Epi-Proj | Ariel Goodwin

Given an extended-valued convex function \(f\colon \mathbb{R}^n \to [-\infty,\infty]\) its epigraph is defined by

\[\mathrm{epi}(f) = \{(x,\alpha) \in \mathbb{R}^n \times \mathbb{R} \mid f(x) \leq \alpha\}\]

Intuitively, the epigraph is the area that lives above the graph of the function. A related concept is that of a level set. Fixing \(\alpha\in \mathbb{R}\), the \(\alpha\) level set for \(f\) is defined by

\[\mathrm{lev}(f,\alpha) = \{x\in \mathbb{R}^n \mid f(x) \leq \alpha \}\]

Level sets are quite familiar. For example, given a vector norm \(\| \cdot \|\) on \(\mathbb{R}^n\) the closed ball centred at the origin of radius \(r\) is the \(r\) level set for the norm:

\[B_{r,\|\cdot\|}(0) = \mathrm{lev}(\|\cdot\|, r)\]
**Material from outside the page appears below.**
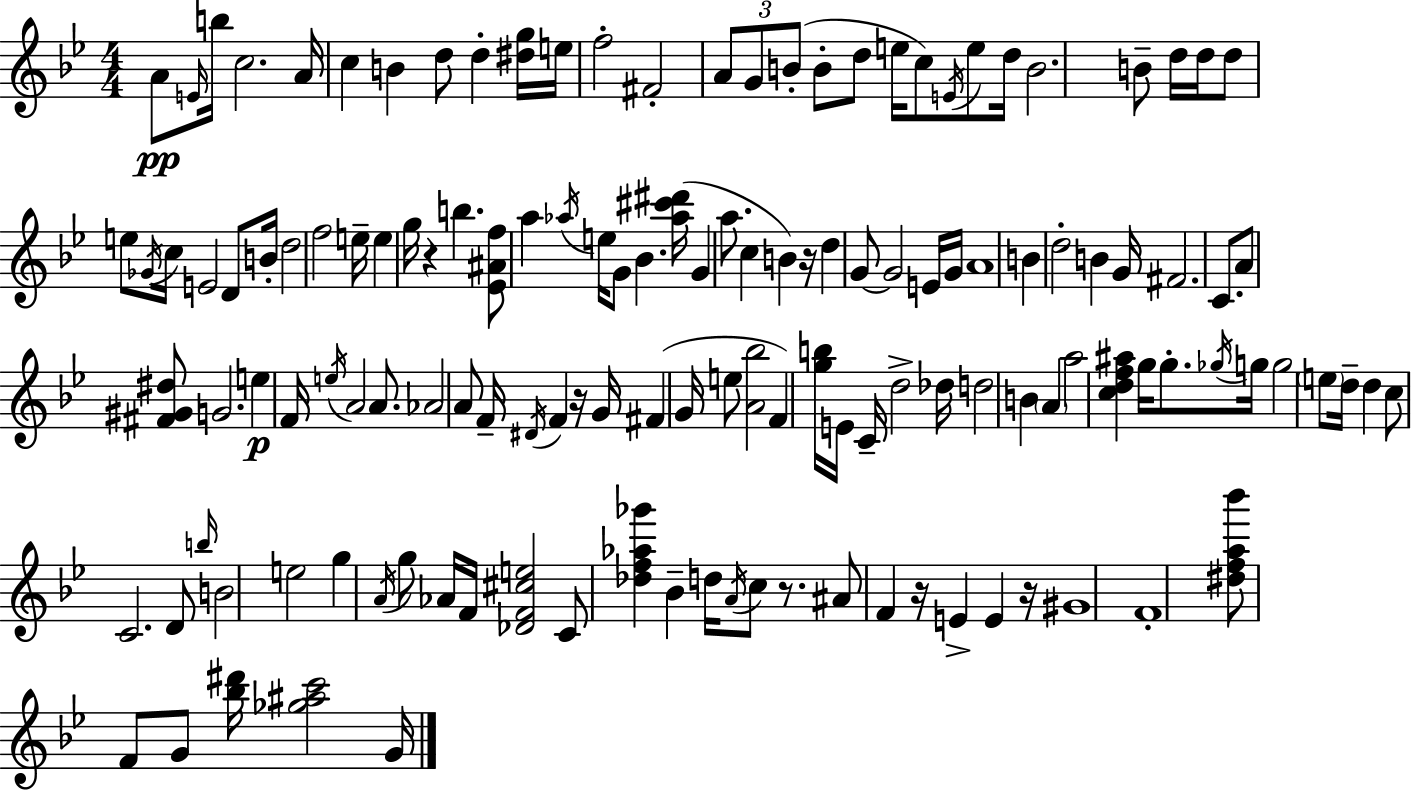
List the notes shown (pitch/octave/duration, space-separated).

A4/e E4/s B5/s C5/h. A4/s C5/q B4/q D5/e D5/q [D#5,G5]/s E5/s F5/h F#4/h A4/e G4/e B4/e B4/e D5/e E5/s C5/e E4/s E5/e D5/s B4/h. B4/e D5/s D5/s D5/e E5/e Gb4/s C5/s E4/h D4/e B4/s D5/h F5/h E5/s E5/q G5/s R/q B5/q. [Eb4,A#4,F5]/e A5/q Ab5/s E5/s G4/e Bb4/q. [Ab5,C#6,D#6]/s G4/q A5/e. C5/q B4/q R/s D5/q G4/e G4/h E4/s G4/s A4/w B4/q D5/h B4/q G4/s F#4/h. C4/e. A4/e [F#4,G#4,D#5]/e G4/h. E5/q F4/s E5/s A4/h A4/e. Ab4/h A4/e F4/s D#4/s F4/q R/s G4/s F#4/q G4/s E5/e [A4,Bb5]/h F4/q [G5,B5]/s E4/s C4/s D5/h Db5/s D5/h B4/q A4/q A5/h [C5,D5,F5,A#5]/q G5/s G5/e. Gb5/s G5/s G5/h E5/e D5/s D5/q C5/e C4/h. D4/e B5/s B4/h E5/h G5/q A4/s G5/e Ab4/s F4/s [Db4,F4,C#5,E5]/h C4/e [Db5,F5,Ab5,Gb6]/q Bb4/q D5/s A4/s C5/e R/e. A#4/e F4/q R/s E4/q E4/q R/s G#4/w F4/w [D#5,F5,A5,Bb6]/e F4/e G4/e [Bb5,D#6]/s [Gb5,A#5,C6]/h G4/s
In particular, many optimization problems with origins in statistical learning [Tibshirani, 1996] and compressed sensing [Donoho, 2006] employ the \(\ell_1\) norm as a regularizer to encourage sparse solutions. These problems can be recast as constrained optimization problems where the constraint is of the form \(\|x\|_1 \leq \delta\). In problems with epigraphical or level set constraints such as this, many optimization algorithms will often need to take their current iterate and find the closest point in the feasible set. This is known as computing the projection onto the corresponding epigraph or level set at each iteration.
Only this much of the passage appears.